Hal ini disampaikan Kepala BPS Kepri Margareta Anggorowati, saat menyampaikan rilis berita statistik profil Kemiskinan Provinsi Kepri dan Tingkat Ketimpangan Pengeluaran Penduduk, di Kantor BPS Kepri, Tanjungpinang, Rabu (15/1/2025).
“Pada September 2024, jumlah penduduk miskin di Provinsi Kepri sebanyak 124,96 ribu jiwa atau sebesar 4,78 persen di Provinsi Kepri dibandingkan pada Maret 2024 sebesar 5,37 persen,” ungkap Margareta Anggorowati.
Dikatakan Margareta, penurunan penduduk miskin pada September 2024 mengalami penurunan 13,34 ribu jiwa dibandingkan pada Maret 2024.
“Jika dibandingkan antarprovinsi, Provinsi Kepri berada pada posisi ke-4 terendah se-Indonesia,” sebut Margareta Anggorowati.
Menurut Margareta Anggorowati, penurunan penduduk miskin di Provinsi Kepri dipengaruhi juga dengan beberapa kontribusi terbesar dari makanan dan bukan makanan di daerah perkotaan dan pedesaan di Provinsi Kepri.

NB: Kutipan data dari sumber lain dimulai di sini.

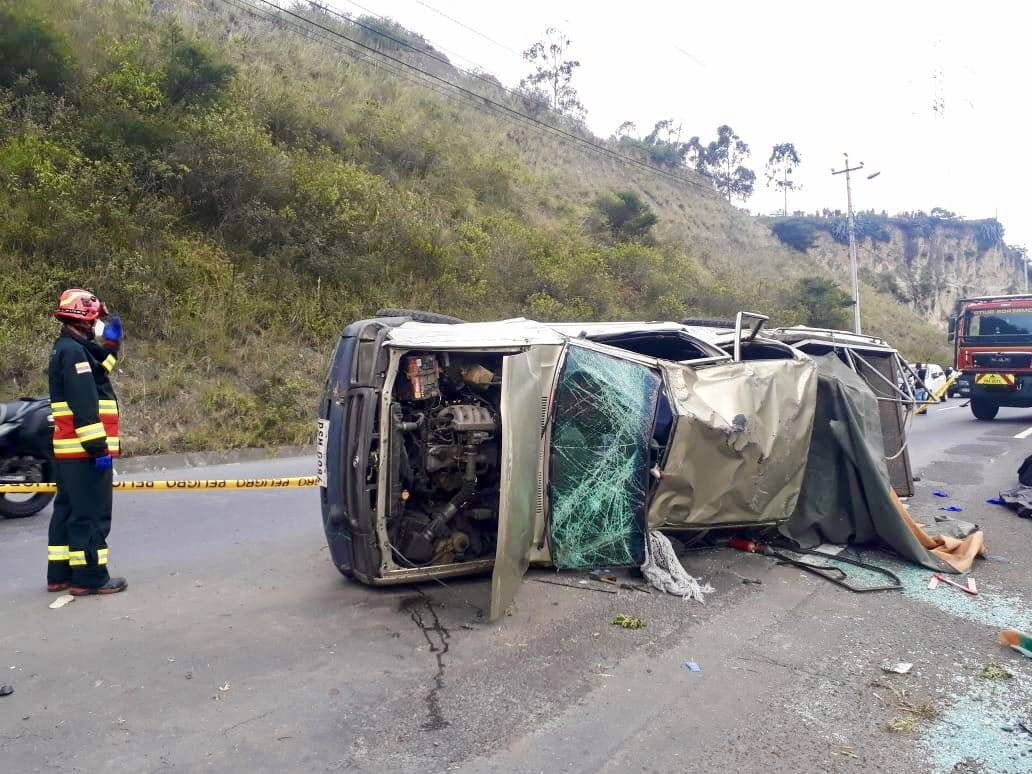 16 heridos y dos fallecidos tras accidente de tránsito en la avenida Simón Bolívar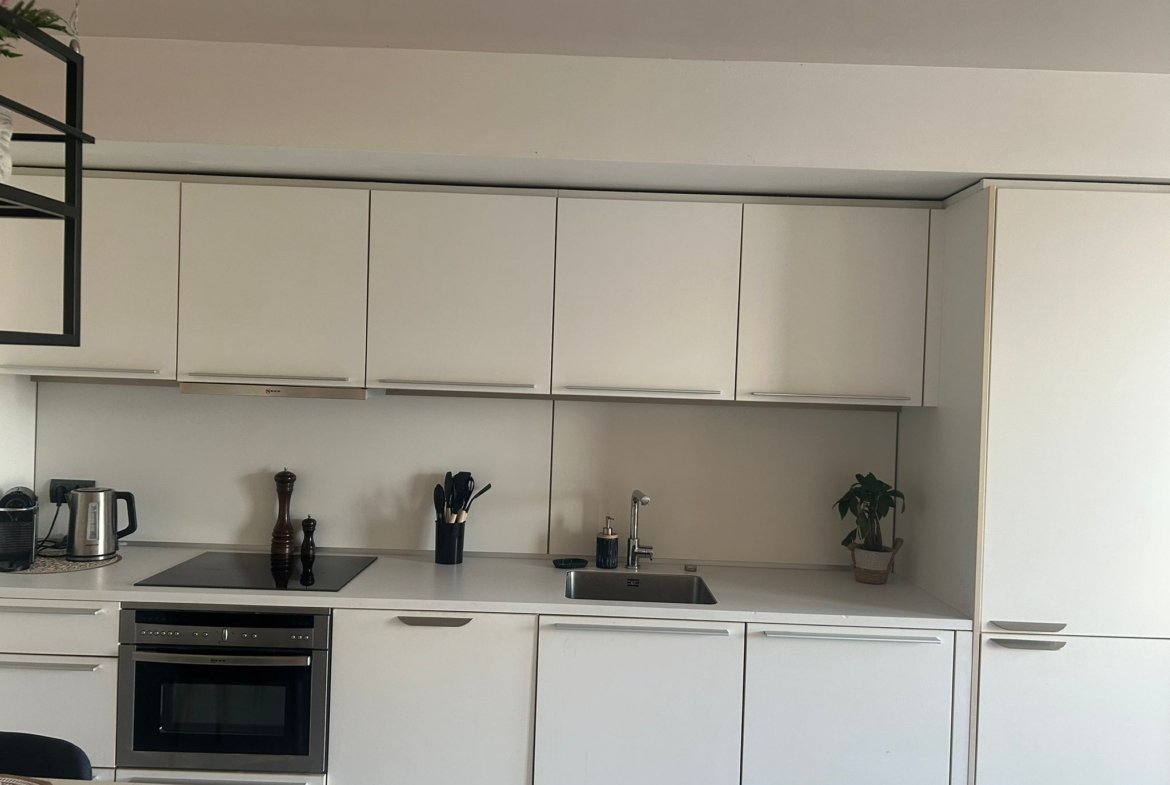 Stylish 2-Bedroom Apartment in Patio Blanco For Sale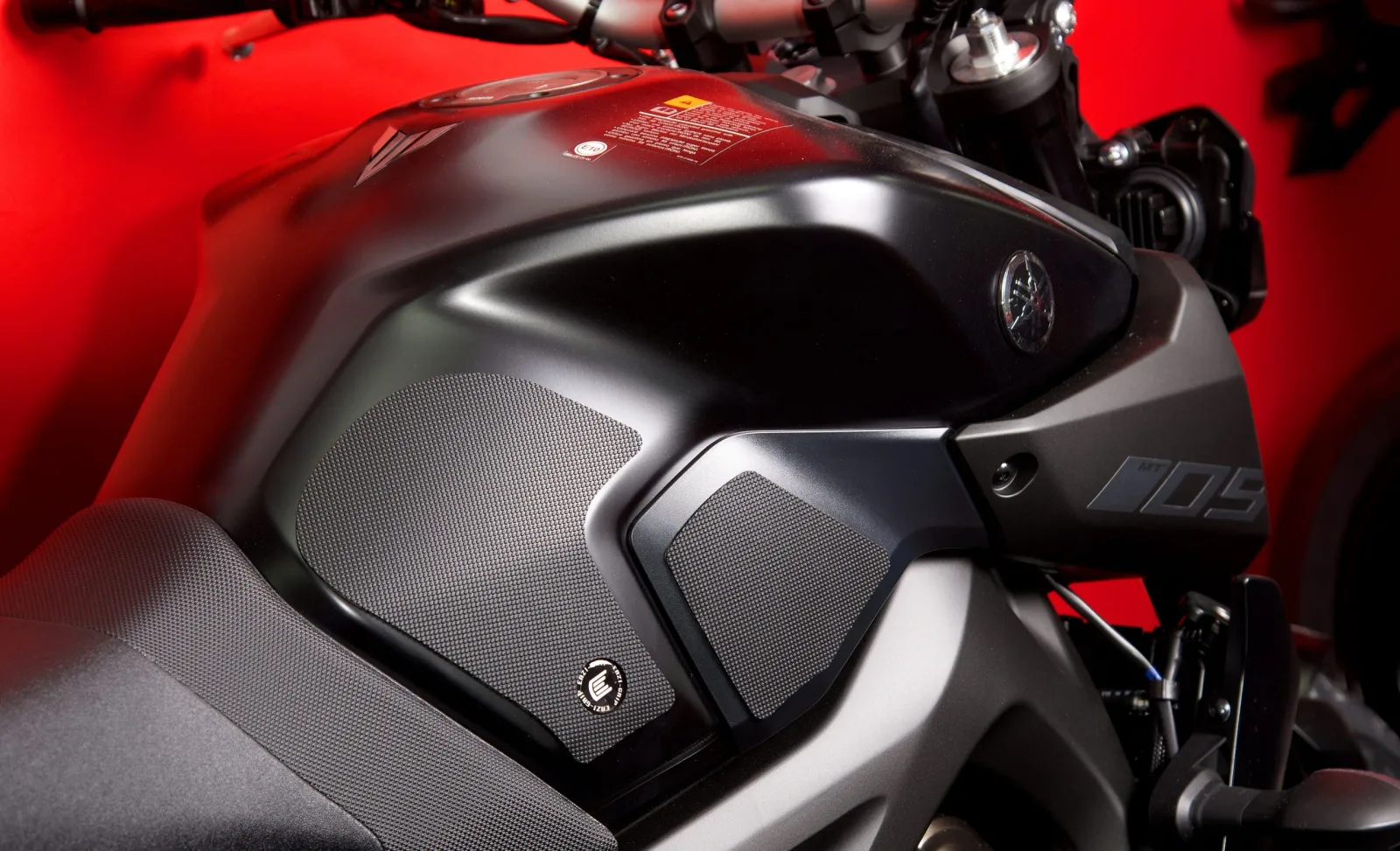 Eazi-Grip Грипове за резервоар PRO за Yamaha MT-09 (2013–2020)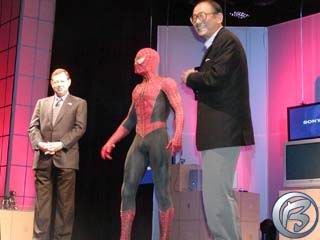 f Key3 Media, firmy podajc Comdex, a Spider-Man zdrav fa Sony Corporation Kunitakeho Andeho (vpravo)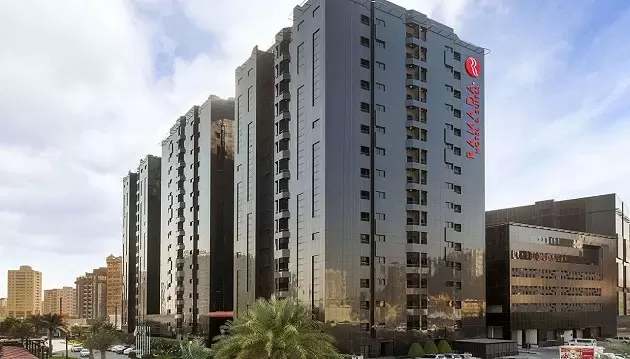 Poilsinė kelionė į Jungtinius Arabų Emyratus: kviečiame ilsėtis 4★ viešbutyje Ramada Hotel & Suites by Wyndham Ajman
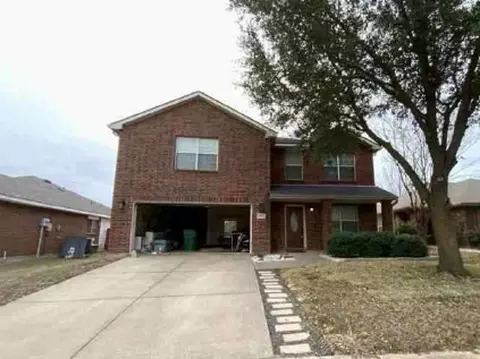 2048 Club Oak Dr, Forney, TX 75126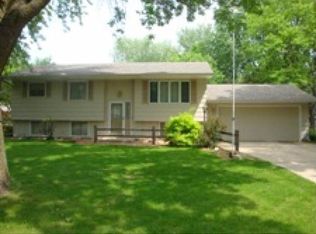 605 Park Dr, Farmington, MN 55024
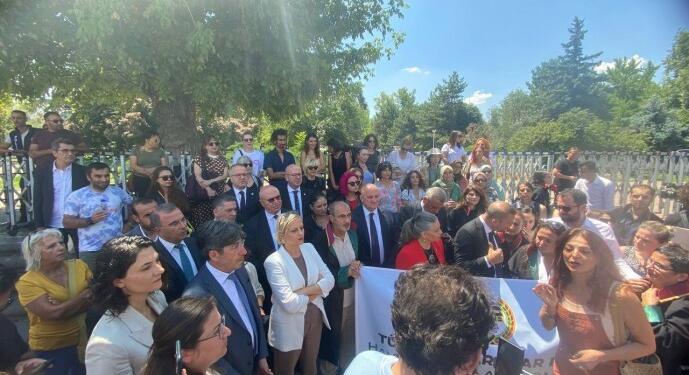 Hayvan hakları savunucularına polis engeli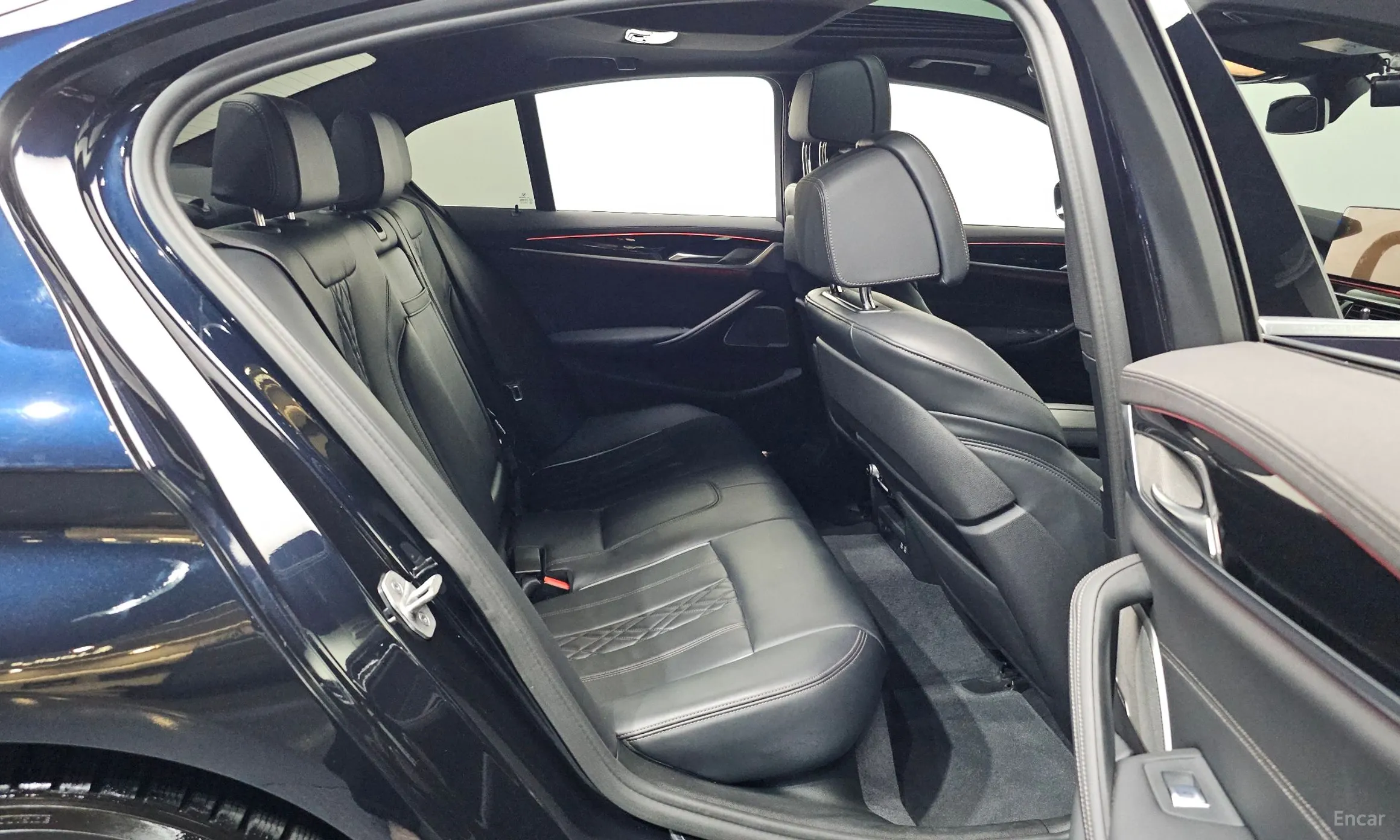 BMW 5 Series (G30) превью 13
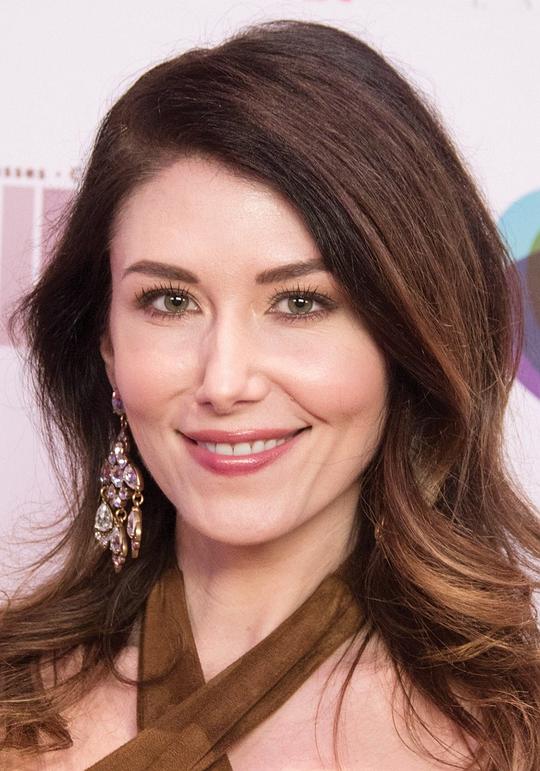 朱尔·斯泰特 Jewel Staite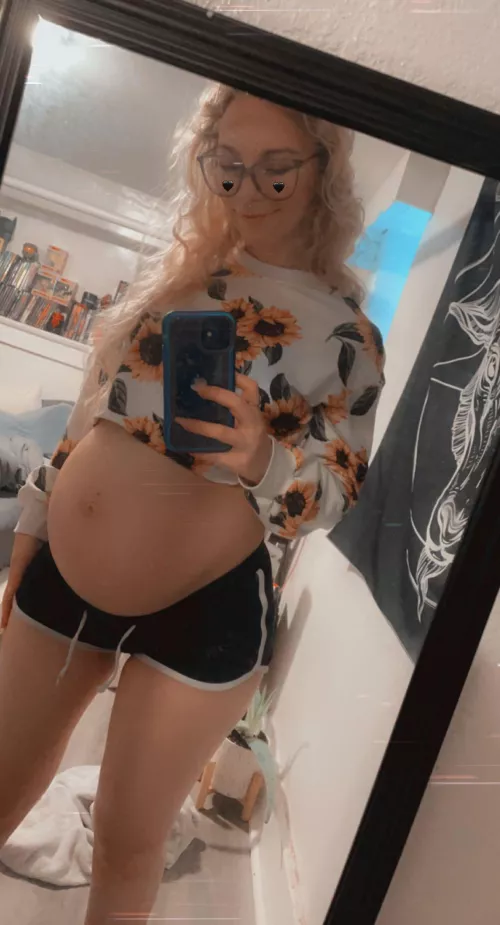 Definitely missing my belly 🥰💗 by OrdinaryCaterpillar4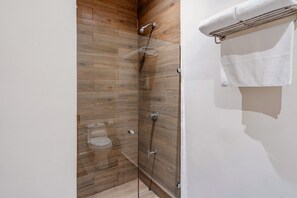 Suite studio Deluxe | Salle de bain | Douche, serviettes fournies, savon, shampooing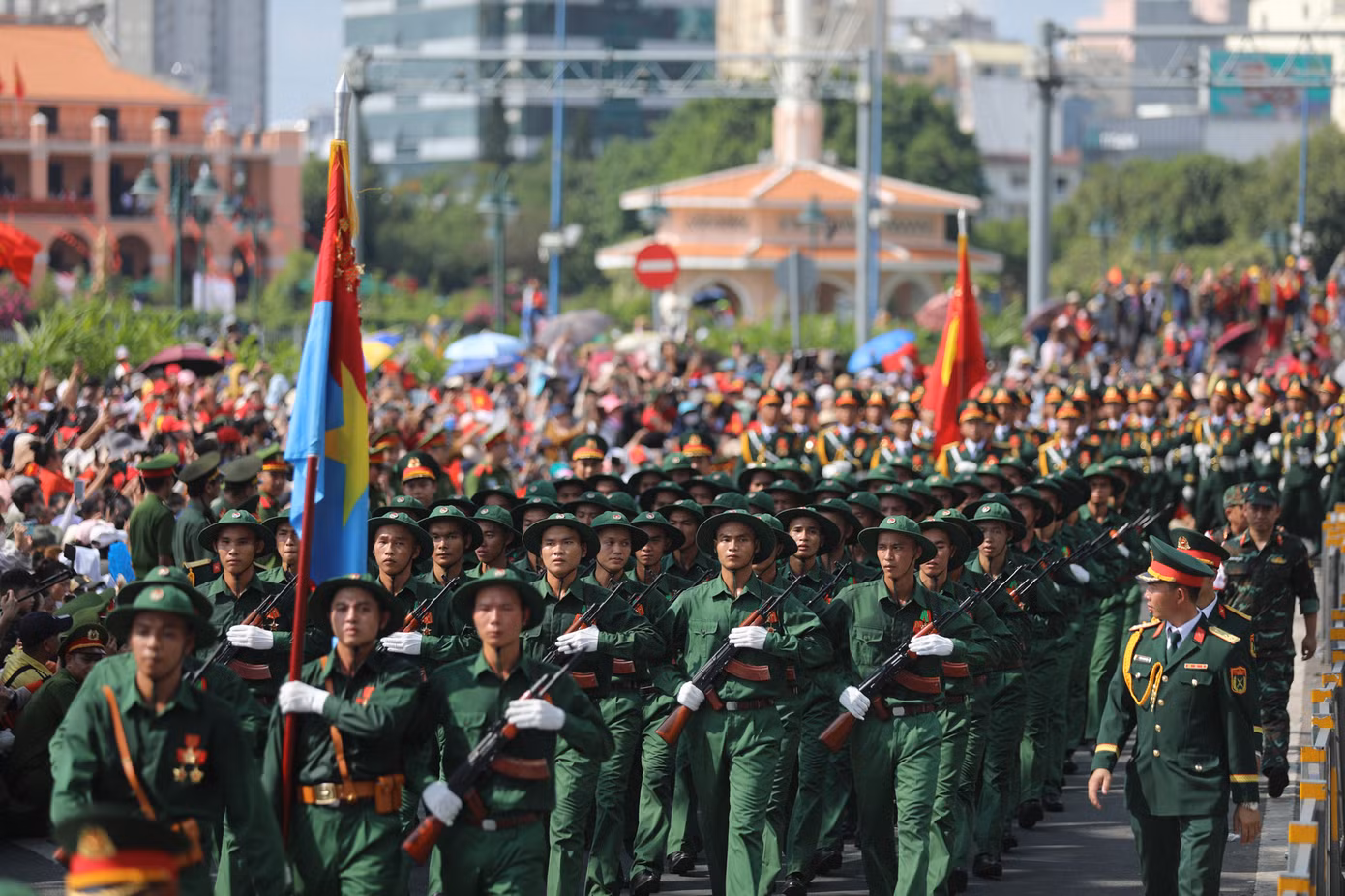 TPHCM tổ chức phân luồng, cấm dừng đỗ và hạn chế người, phương tiện lưu thông tại nhiều tuyến đường ở trung tâm thành phố từ 3 giờ sáng đến 12 giờ trưa ngày 30/4. Ảnh: Duy Anh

“Penurunan jumlah penduduk miskin di Provinsi Kepri ini juga disebabkan beberapa tren positif pada penyaluran Bantuan Sosial pada triwulan 3 tahun 2024, pertumbuhan ekonomi Kepri yang tumbuh 1,15 persen pada triwulan 3 tahun 2024, konsumsi rumah tangga pada tw 3 yang naik 1,61 persen,” ujarnya.
Serta penurunan Tingkat Pengangguran Terbuka sebesar 0,41 persen dan peningkatan upah buruh pada Agustus 2024 lalu.
Margareta Anggorowati juga memaparkan Tingkat Ketimpangan Pengeluaran Penduduk Kepri atau Gini Ratio pada September 2024 yang mengalami kenaikan 2,5 persen dari Maret 2024.
“Yang mana, Gini Ratio pada September 2024 sebesar Rp. 807.602 per kapita per bulan,” jelasnya.
Menurut Margareta Anggorowati, ketimpangan pengeluaran penduduk Kepri 0,357 pada September 2024, meningkat 0,08 persen dibandingkan Maret 2024 lalu.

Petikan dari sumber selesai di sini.